Tough choice. That Spectrum looks so clean and those wheels are amazing!. The Rodeo looks like a real bargain for the price, although I worry about how wet the interior is from not having working zippers on the back plastic. If the interior isn’t a disaster, I’d have to go Rodeo for the price.

Mr Sarcastic
Mr Sarcastic
4 months ago
Reply to  3WiperB

The rear interior is just metal with unattached carpet laid down.
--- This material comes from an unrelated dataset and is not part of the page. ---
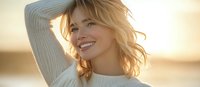 Young blonde woman in white sweater smiling with natural sunlight creating warm backlight, expressing joy and carefree attitude during golden hour.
On the bright side if you can find a replacement top it is very DIY.

TOSSABL
TOSSABL
4 months ago

Amigo
A small, lightweight, manual car with 150hp should be right up my alley, but I’m dubious about 80s turbo technology—especially the fuel management sampling rate/response speeds.

TOSSABL
TOSSABL
4 months ago
Reply to  Mark Tucker

Possibly better as many of those were pretty conservative.
And, I’m squeamish mainly because of my BugEye and the issues some had. I’ve looked at water/methanol injection, and like the idea, but a decent system easily costs more than I paid for the car.

Griznant
Griznant
4 months ago

A friend had an ’88 Spectrum turbo in ’91. His dad put it together as a rebuilt title and it worked fine for him through high school. The only thing I really remember was that it was bright red and had bright red hubcaps. That’s when I decided that body color matching hubcaps isn’t something the world needs. It was jarring, and too much red, even on a small car.

Geoff Buchholz
Geoff Buchholz
4 months ago

Man, what a tough choice to start the week! That Spectrum looks like a blast, but I’d be too worried about driving it, plus the Rodeo’s a better deal even with non-op 4WD. We’ll take the truck.

Gilbert Wham
Gilbert Wham
4 months ago
Reply to  Geoff Buchholz

That was my take, even tho that Spectrum appears to basically be what a MK3 Ford Escort would have been if it wasn’t shit.

Mr. Asa
Mr. Asa
4 months ago

I like the Spectrum, but its about $1k too high for what it is. Rodeo please

Angular Banjoes
Angular Banjoes
4 months ago

I’ve seen that Rodeo around town before, but I could never quite figure out why the graphics were so familiar. The Bandit commercial was a delightful blast from the past.

Fuzzyweis
Fuzzyweis
4 months ago

I’d go with the Rodeo, there should still be a couple rodeo/amigos to source replacement 4wd parts from it, maybe. The graphics alone sell it!

Michael Beranek
Michael Beranek
4 months ago

Perhaps Ms. Streeter needs to run a Rock Auto price check before diving in on another Piech disaster.

DialMforMiata
DialMforMiata
4 months ago

Doesn’t matter how cheap the parts are, if you have to buy all of them it’s gonna add up.

NebraskaStig
NebraskaStig
4 months ago

That Spectrum is sooooooo clean!! And Redwood.

StillNotATony
StillNotATony
4 months ago

It’s probably a bad idea, but man, those graphics on the Amigo are calling my name!!

Jack Trade
Jack Trade
4 months ago

Spectrum for sure. That interior is pretty well-equipped and forward (it doesn’t scream ’80s) for what it is, the red pinstripe matching the red TURBOs, and OMG those wheels. Not to mention the manual.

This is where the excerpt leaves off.